TikTok has made available a new tool that allows you to understand why a particular video was recommended to you in your For You feed. The new feature which was announced on Tuesday, brings more context to content recommended in For You feed.
This is how it works: tap on the share panel and select the question mark icon called “Why this video.” From there, you can see reasons why a particular video was recommended to you.
Recommendations are often based on your interactions, including content you watch, like or share, comments you post or searches. The tool may inform you that you have been show a particular video because of the accounts you follow. TikTok said you may also be informed that you were shown a particular video because it was posted recently in your region or that the content is popular in your region.
“This feature is one of many ways we’re working to bring meaningful transparency to the people who use our platform, and builds on a number of steps we’ve taken towards that goal,” TikTok explained in a blog post. “Looking ahead, we’ll continue to expand this feature to bring more granularity and transparency to content recommendations.”
Still on TikTok, but in the US; ban on the use of the ByteDance-owned app has spread to more states.
State agencies in Louisiana and West Virginia have now joined others in banning the use of the app in state-managed devices over concern that it could be used by China to track Americans and censor content.

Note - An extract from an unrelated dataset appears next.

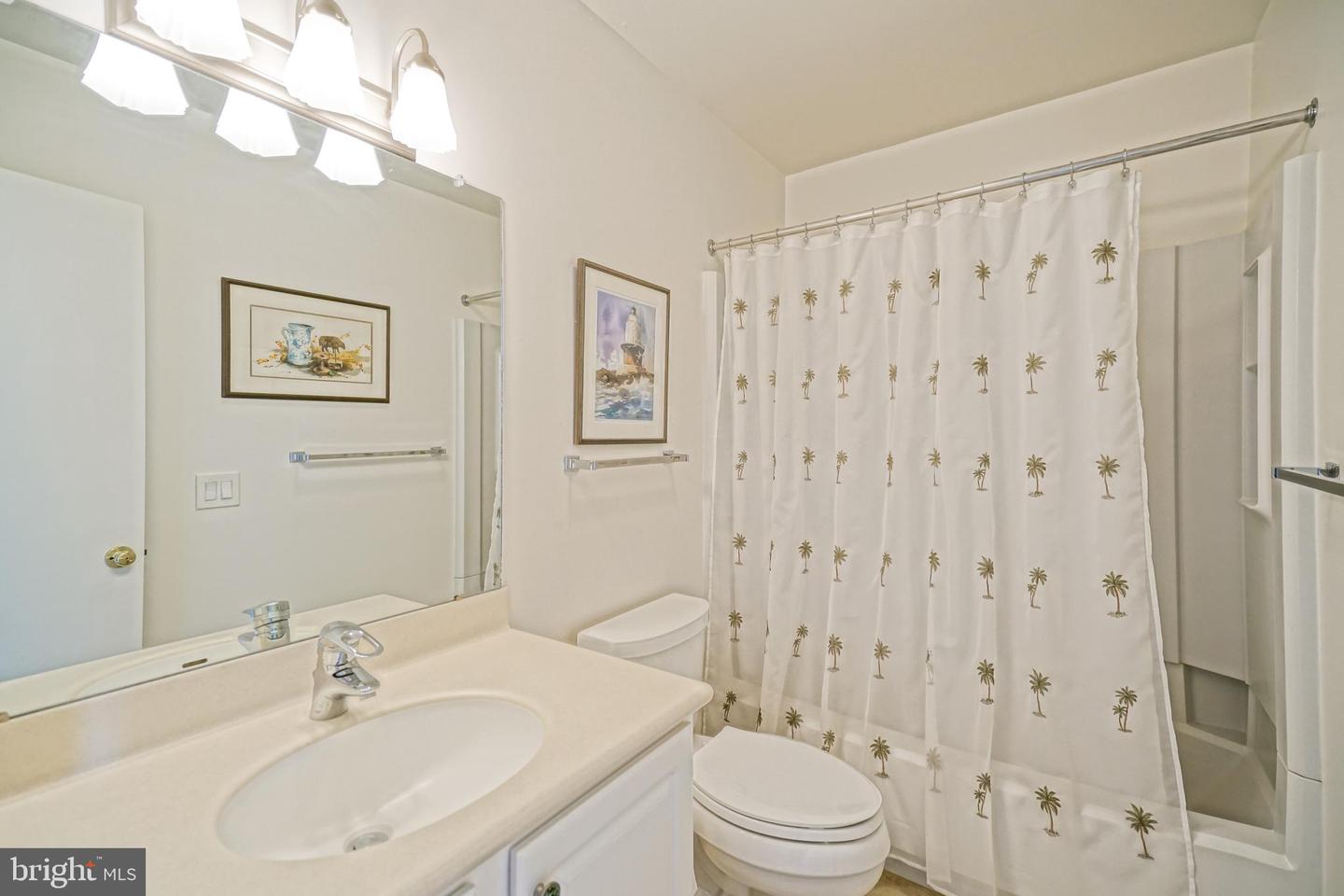 53 Cape Henlopen Dr #6 Property Photo 48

Close to 19 US states have now either partially blocked access to TikTok or permanently done so in the last couple of weeks. Last week also, some members of Congress proposed a nationwide ban, joining India, a country that announced a ban on TikTok and tons of other Chinese apps.
Responding to the latest ban, TikTok reiterated a statement per Reuters saying the company was “disappointed that so many states are jumping on the political bandwagon to enact policies based on unfounded falsehoods about TikTok that will do nothing to advance the national security of the United States.”
Earlier in December, South Dakota announced that TikTok has been banned from government-owned devices in the state. South Dakota Gov. Kristi Noem announced the ban, describing the app as a threat to national security.